As 2014 ends, prognosticators are busy making predictions for 2015. Perhaps the earliest controversy of the new year will concern Uber’s surge pricing on New Year’s Eve. Politicians use such occasions to call for laws to ban the practice of charging higher fares at times of peak demand. But surge pricing confers many benefits for reasons that provide a refresher in how basic economics should make us suspicious of political intervention in markets.
First, surge pricing is more likely to match scarce Uber drivers with riders who value their services most highly. At lower prices, the number of riders would exceed the number of drivers, and some people would be left without a ride, even if they were willing to pay a higher fare.
People with higher incomes are more likely to be among those willing to pay more for Uber’s transportation services, but this is not unique to this market. Wealthier people can generally pay more for what they want. Forbidding surge pricing for transportation will not reduce income inequality. If such inequality is a concern, progressive income taxes and transfers are more direct and would allow people of more modest means to pay more for the services they most desire.
But the allocative benefit of surge pricing, directing scarce resources to their most valuable use, is static. Surge pricing also has dynamic benefits by increasing the supply of drivers. In the short term, drivers who already work for Uber may decide to work on New Year’s Eve. (This is technically an increase in the quantity of transportation services supplied.) To the extent that they do so, Uber prices will not surge as high as they otherwise might. Over the longer term, more drivers may sign up for Uber, if they can work for higher prices. This will also help mediate any surge in prices in the longer run.
Given that surge pricing provides such benefits, why it is under attack? Politicians think they can grandstand and appear to be champions of the little guy. But they can only do so because of public ignorance. There are two sources of public ignorance. One is rational and it nicely captured by Ilya Somin: People do not invest enough in time and effort in public policy because their vote won’t make any difference to electoral outcomes and they have better uses of their time.

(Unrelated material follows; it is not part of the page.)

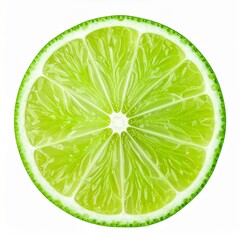 Fresh Green Lime Fruit Slice Isolated on White Background Representing Biotic Citrus and Natural Freshness Concept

Another argument also seems to apply to surge pricing. Bryan Caplan argues that people have irrational, systematic biases that they have few incentives to correct and one of them is to underestimate the benefits of the market, like surge pricing.
But over time people can often be persuaded of the benefits of a practice if its good consequences become patent enough. In a world where new information technology allows us to make better use of underused resources, like empty passenger seats or spare rooms, and better allows us to estimate demand at different times and place, differential pricing will become accepted as the new normal.